例えば、現在のビザの在留期限が、6月1日だったとします。
仮に、現在のビザから特定技能1号へのビザ変更申請を、3月1日におこなったとしましょう。
すると、基本的には、在留期限の6月1日までは、まだ現在のビザが有効なので、6月1日までは現在のビザの活動をおこなうことができます。
現在のビザが就労ビザの場合は、6月1日まで、今までと同じように就労することができます。
そして、現在のビザの在留期限(6月1日)が来る前に、特定技能1号ビザが許可になれば、その時点から特定技能1号として就労することができます。
(つまり、就労できない期間が生まれることなく、継続して就労できます)
※技能実習ビザの場合は、事情がもう少し複雑なのですが、これについても後ほど説明します
一方で、現在のビザから特定技能1号へのビザ変更申請を5月15日におこなった場合はどうでしょうか?
上記の理屈から言うと、在留期限の6月1日までは現在のビザの活動ができて、6月2日以降はできないことになります。

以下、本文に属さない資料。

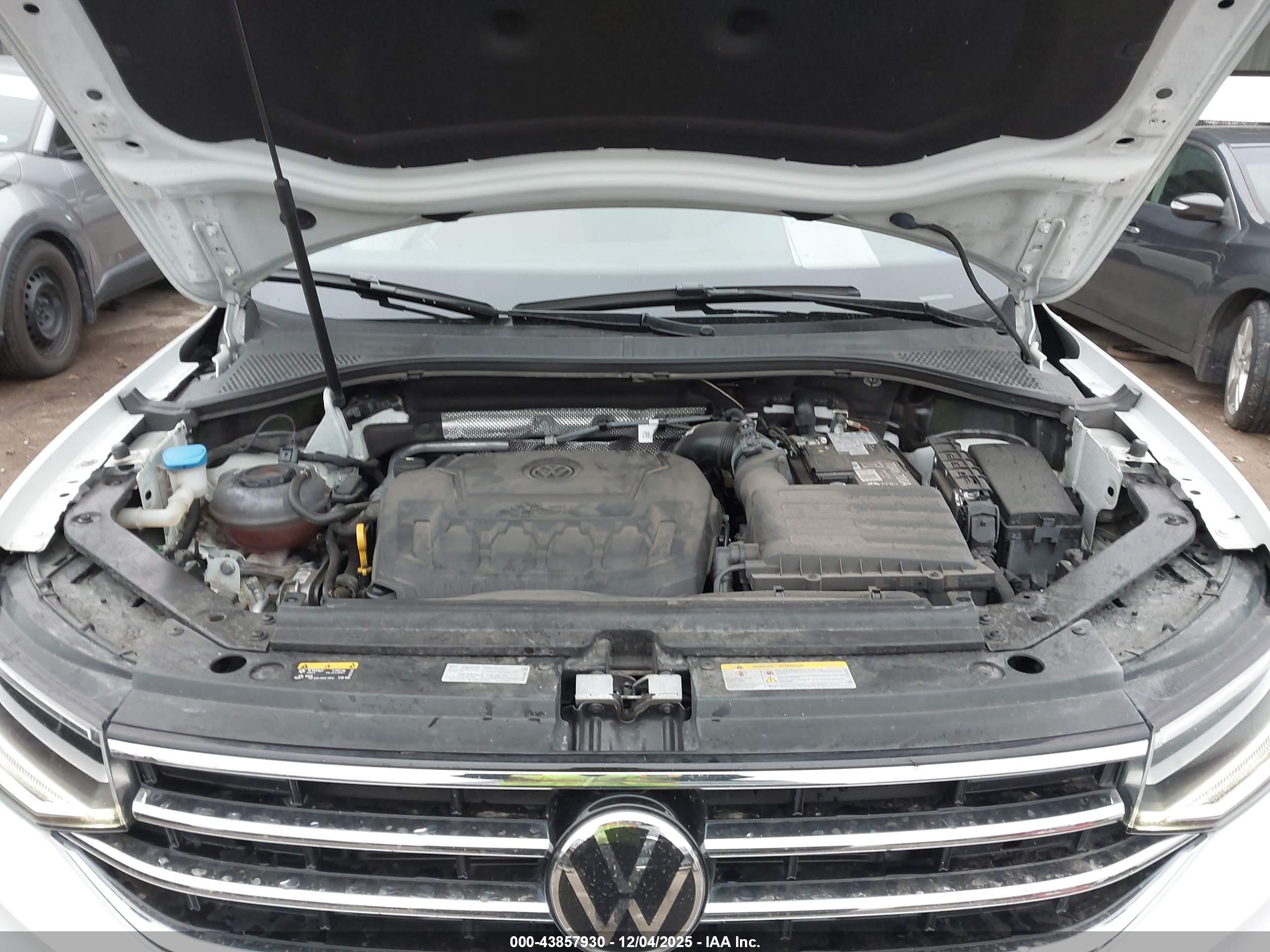 VOLKSWAGEN TIGUAN image 10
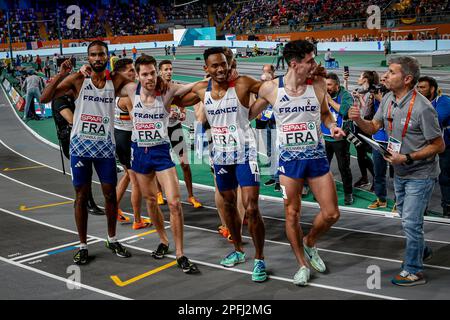 ISTANBUL, TURQUIE - MARS 05: Teo Andant de France, Gilles Biron de France, Muhammad Abdallah Kounta de France, Victor Coroller de France réagissent en course de Relais hommes 4x400m pendant les Championnats d'intérieur d'athlétisme européens - jour 3 sur 5 mars 2023 à Istanbul, Turquie. (Photo de Nikola Krstic/MB Media/Getty Images) Banque D'Images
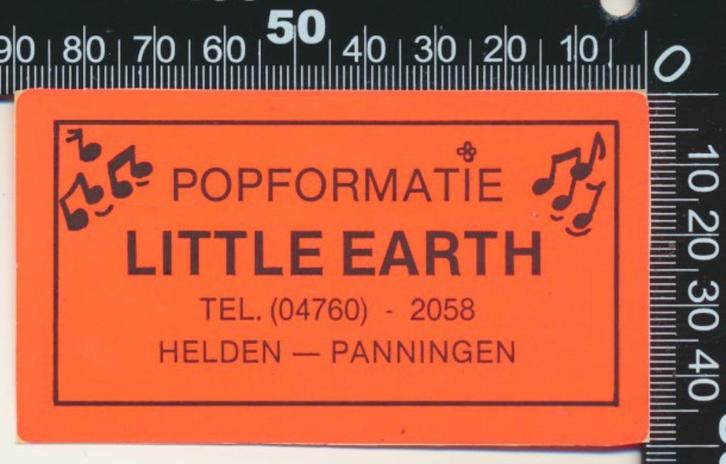 Sticker: Popformatie Little Earth - Helden Panningen, Verzamelen, Stickers, Zo goed als nieuw, Bedrijf of Vereniging, Ophalen of Verzenden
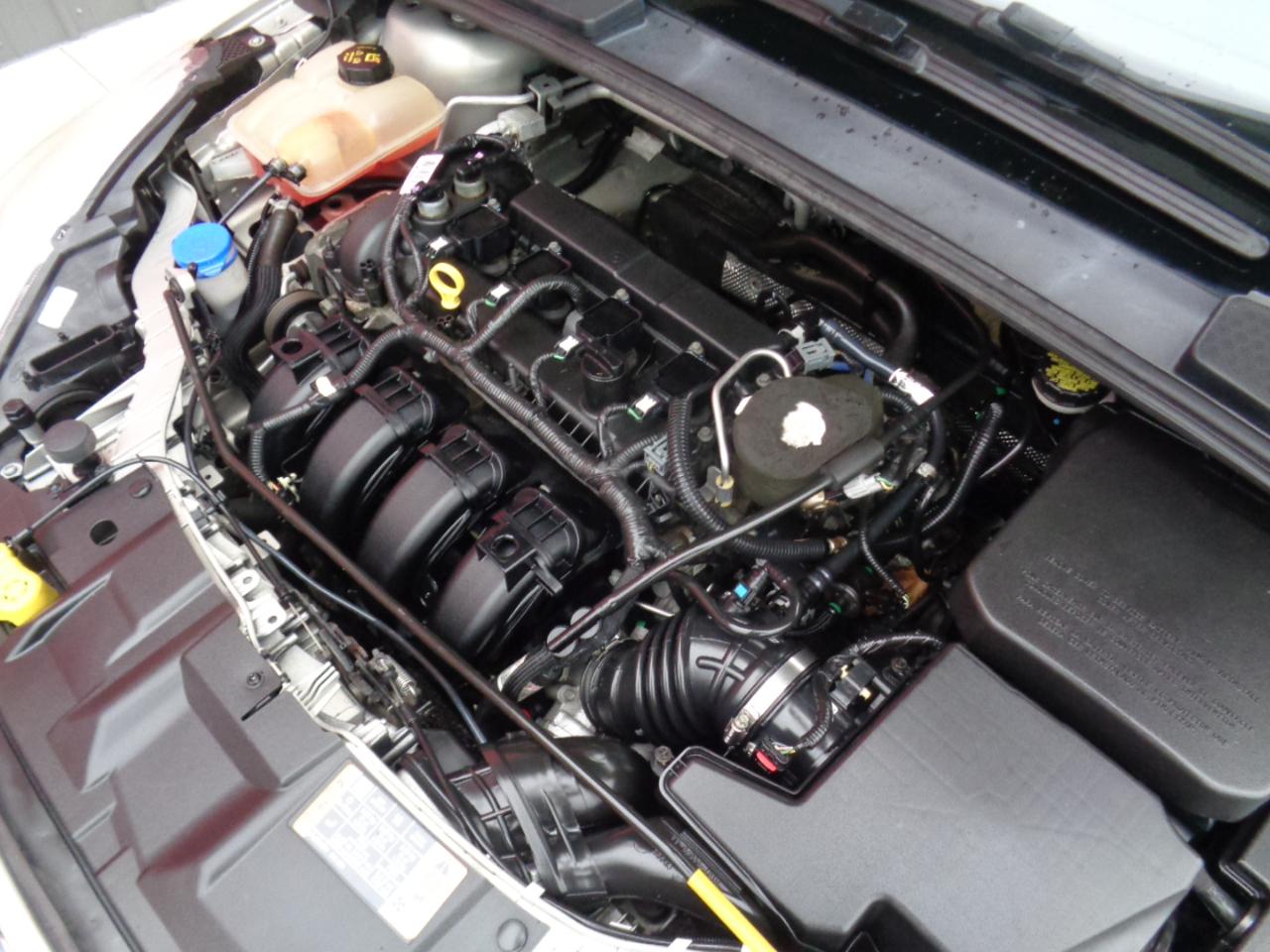 Ford Focus SE Sedan 2016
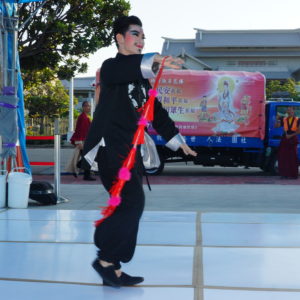 行動佛殿的祈福法會結合公益慈善演出，邀請表演團體以樂藝方式供佛，提供精采表演讓所有民眾及弱勢團體能夠近距離欣賞難得一見的藝文饗宴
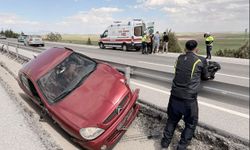Sürücünün öldüğü kazayı arkadan gelen otomobilin kamerası saniye saniye kaydetti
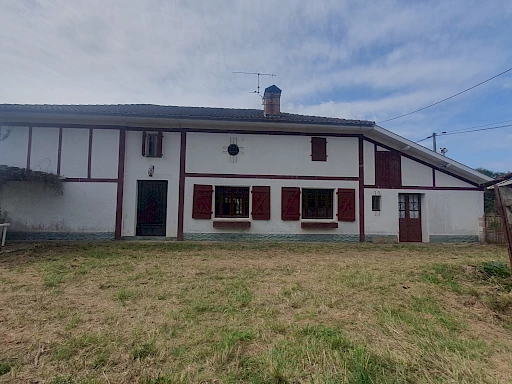 Proche de Hagetmau : maison avec 6 pièces à vendre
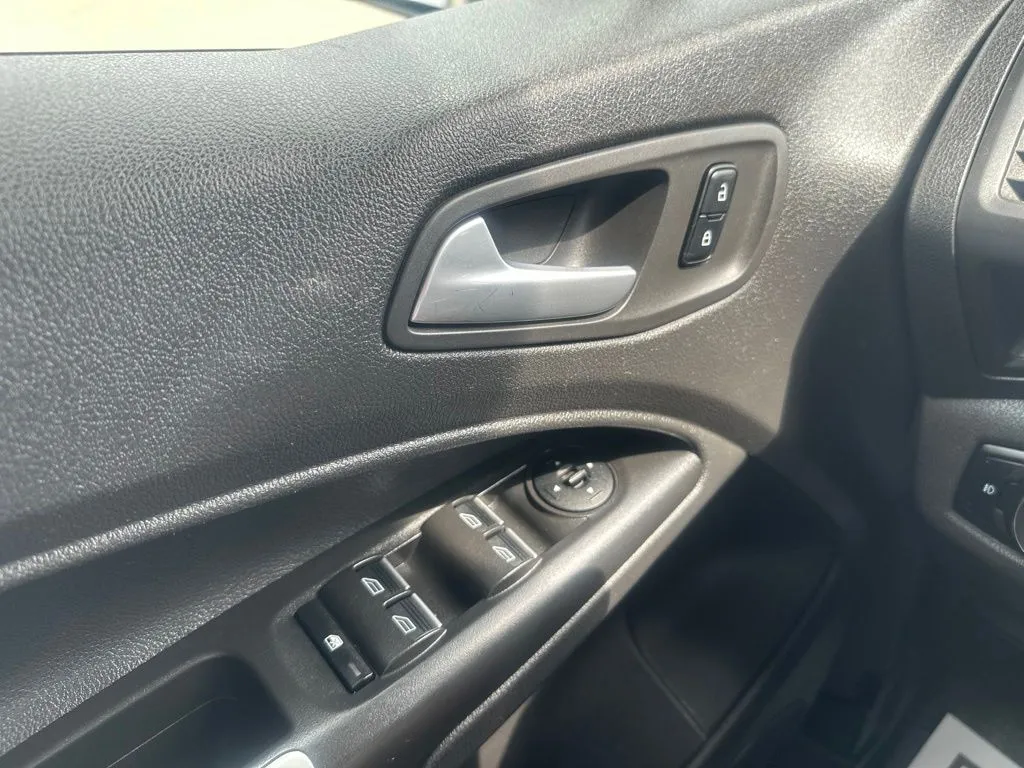 Ford Transit Connect photo 12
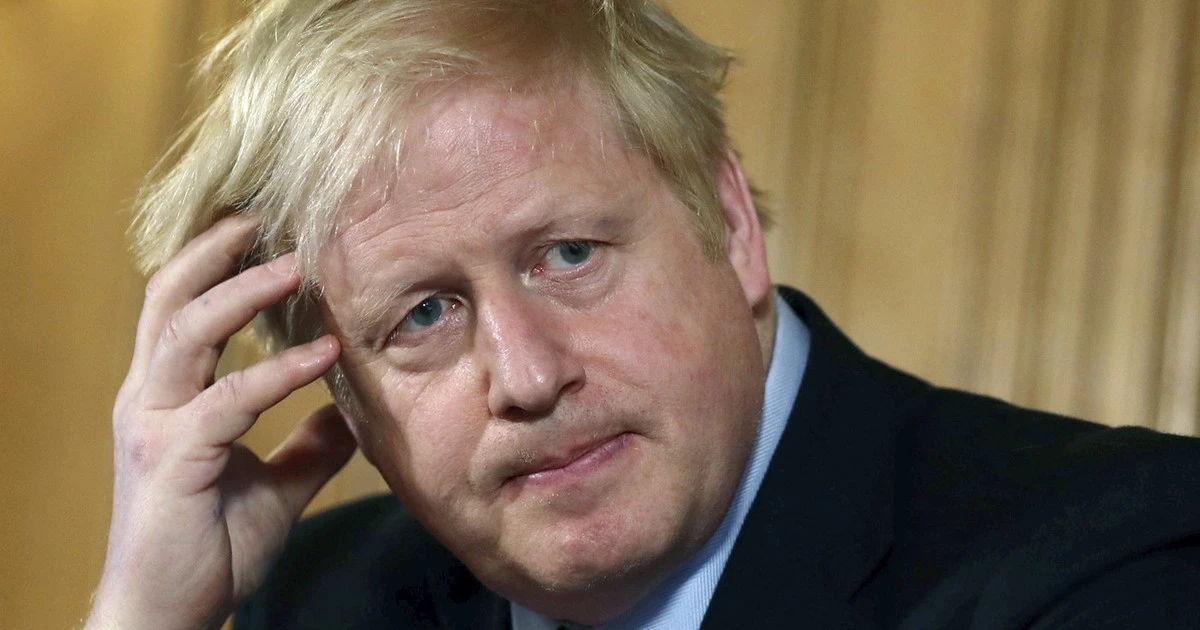 Boris Johnson "troppo povero per fare il premier": dove ha speso tutti i soldi. Spunta un'imbarazzante richiesta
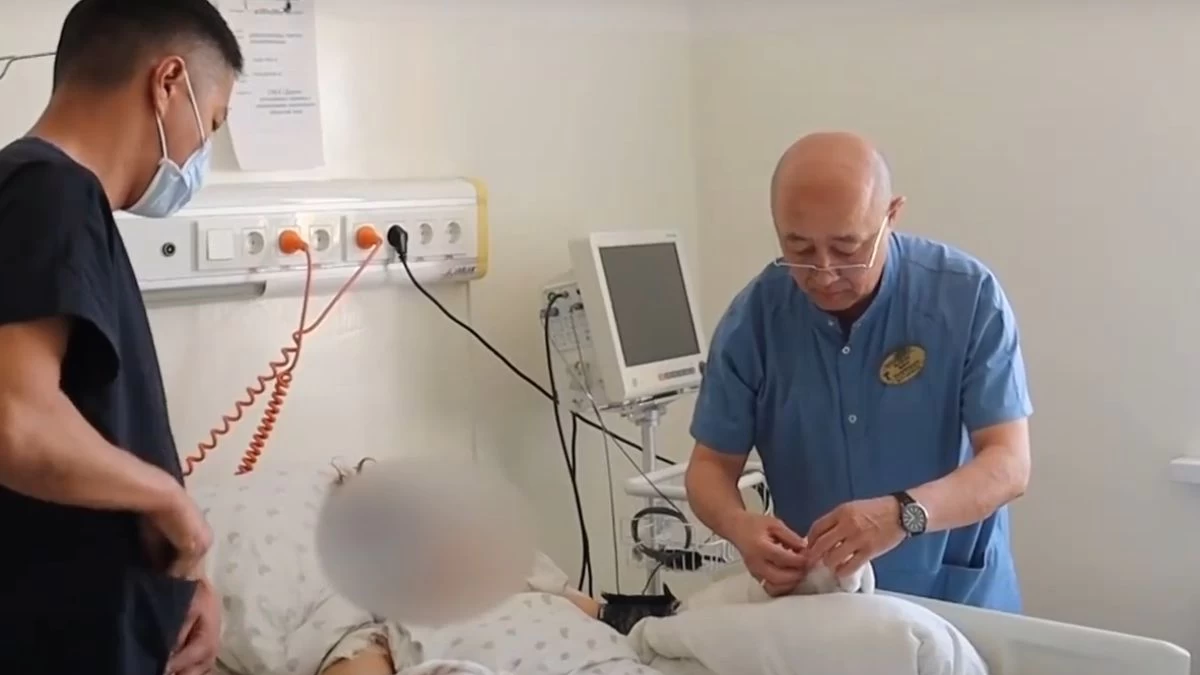 Шиеліде намаз оқитын мұғалім әйелін балталап, саусақтарын кесіп тастаған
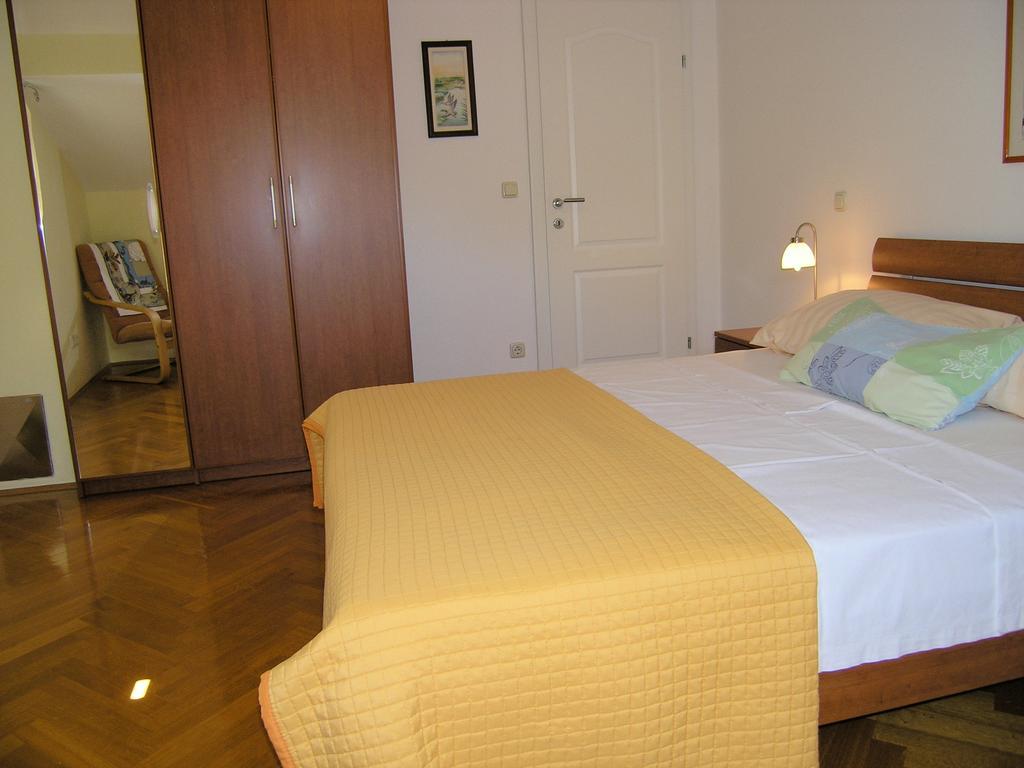 Apartments Kristina 克尔克 外观 照片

また、在留期限が6月1日なのですから、在留期限までに新しいビザの審査が終わらない場合、6月2日以降は不法滞在になってしまうのではないか、という心配も出てきます。
問題ありません。
「特例期間」という制度があります。
特例期間
出入国管理及び難民認定法
第20条6項 第2項の規定による申請があった場合(30日以下の在留期間を決定されている者から申請があった場合を除く)において、その申請の時に当該外国人が有する在留資格に伴なう在留期間の満了の日までに、その申請に対する処分がされないときには、当該外国人は、その在留期間の満了後も、当該処分がされるとき又は従前の在留期間の満了の日から二月を経過する日が終了する問のいずれか早い時までの間は、引き続き当該在留資格をもって本邦に在留することができる。
簡単に言うと、次のようになります。
在留期限よりも「前」にビザ申請をした場合は、在留期限を過ぎた後も、ビザ申請の結果が出るまで、現在のビザで在留することができる。
(①在留期限から2か月を経過する日、②審査結果が出る日、①または②の早い方まで。)
ということは、現在のビザが就労可能なビザなら、在留期限よりも「前」に特定技能1号へのビザ変更申請をすれば、在留期限経過後も、ひきつづき就労ができる、ということになります。
これが、原則です。
次に、ビザの種類について見てみましょう。
2.特定技能ビザを申請する前のビザ(在留資格)の種類で、申請中の就労の可否が決まる
特定技能ビザの申請中や審査中に、就労ができるかどうかは、特定技能ビザに変更申請をする前のビザの種類が、何かによって変わってきます。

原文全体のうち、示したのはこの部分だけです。